Umstrittenes Binnenmarktgesetz Von der Leyen kündigt rechtliche Schritte gegen Großbritannien an

Ursula von der Leyen
Foto: Pedro Rocha / APDie britische Regierung weigert sich bislang, ihre Pläne zur einseitigen Änderung des EU-Austrittsvertrags zurückzunehmen. Eine Frist der EU-Kommission ließ sie verstreichen - das soll jetzt Folgen haben. Denn die Europäische Union leitet in dem Brexit-Streit rechtliche Schritte gegen Großbritannien wegen Verletzung der Austrittsvereinbarung ein. Das kündigte Kommissionspräsidentin Ursula von der Leyen an. Das von der EU-Kommission gesetzte Ultimatum sei am Mittwoch abgelaufen, die problematischen Passagen seien nicht entfernt worden, sagte von der Leyen über das britische Gesetz.
Deshalb habe die EU-Kommission entschieden, einen Brief an die britische Regierung unter Boris Johnson zu schicken. Diese habe einen Monat Zeit, um darauf zu reagieren. Der Brief sei der erste Schritt in einem Vertragsverletzungsverfahren. Von der Regierung in London hieß es, man werde "zu gegebener Zeit" auf das Schreiben antworten. Die Gründe für die Gesetzgebung seien bereits dargelegt worden.

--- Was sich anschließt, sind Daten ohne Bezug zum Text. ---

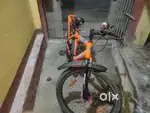 This is my hercules cycle.It has a power break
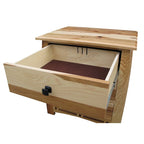 Noce Americano Naturale / Contemporaneo / Set Camera da Letto King (5 pezzi, per 2 persone)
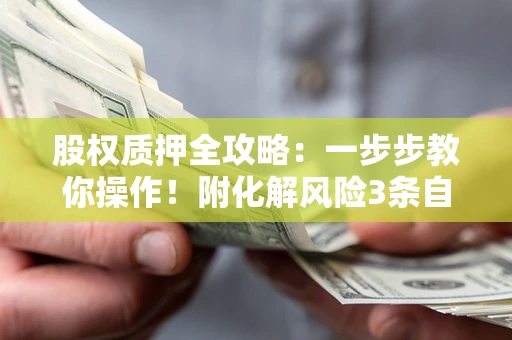 北京股权质押全攻略：一步步教你操作！附化解风险3条自救法则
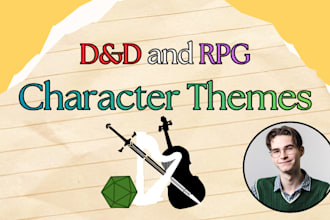 create a custom character theme for your dnd or rpg campaign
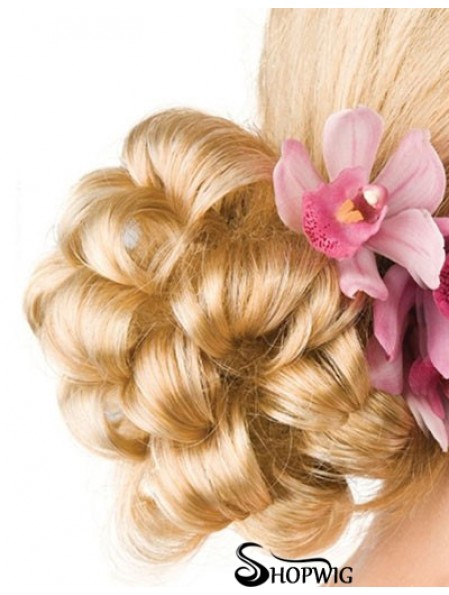 Blonde Hair Wraps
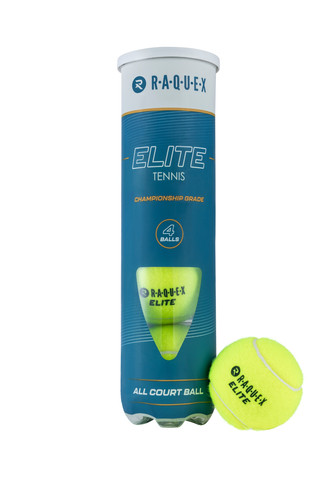 Tennis balls all court - 4x, ball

Auslöser des neuen Disputs ist das britische Binnenmarktgesetz, das am Dienstag vom Unterhaus beschlossen wurde und das Teile des bereits gültigen Austrittsvertrags aushebeln soll. Die EU-Kommission hatte der britischen Regierung ein Ultimatum bis Ende September gesetzt, die umstrittenen Klauseln des Gesetzes zurückzunehmen.
Das Binnenmarktgesetz läuft auf die Aushöhlung von Sonderregeln für Nordirland hinaus, die eigentlich eine harte Grenze zum EU-Mitglied Irland verhindern sollen. Es muss noch das britische Oberhaus passieren.
Beim Vorgehen der EU handelt es sich dennoch um eine sehr begrenzte Eskalation. Entscheidend ist: Die Verhandlungen mit den Briten über den künftigen Freihandelsvertrag laufen an diesem Donnerstag in Brüssel weiter. Ziel der EU-Seite ist es, bei diesen Verhandlungen voranzukommen - und sich nicht von sonstigen Provokationen beeinflussen zu lassen. Der Streit um das Binnenmarktgesetz wird nun gewissermaßen ausgelagert.
Die EU hat jetzt einen Hebel für ihre wichtigste Forderung
Klar ist aber auch: Sollte es tatsächlich bis Ende des Jahres zu einem Freihandelsvertrag kommen, würde die EU darauf bestehen, dass die Klauseln des Binnenmarktgesetzes, die gegen den Austrittsvertrag verstoßen, aufgehoben werden müssen. Dann hat die EU auch einen guten Hebel für ihre Forderung: Ohne Aufhebung der Klauseln würde der Freihandelsvertrag nicht in Kraft treten. Das Vertragsverletzungsverfahren hätte sich dann wohl auch erledigt.
Nach ihrer Ankündigung stand für von der Leyen ein Treffen mit Irlands neuem Premierminister Micheál Martin auf der Tagesordnung. Auch ihr Thema: der Brexit.
Großbritannien hat die EU Ende Januar verlassen, gehört aber noch bis Ende des Jahres zum EU-Binnenmarkt und zur Zollunion. Um einen harten Bruch mit Zöllen und Handelshemmnissen zu verhindern, verhandeln die EU und Großbritannien über ein Anschlussabkommen. Die Übergangsphase endet in drei Monaten.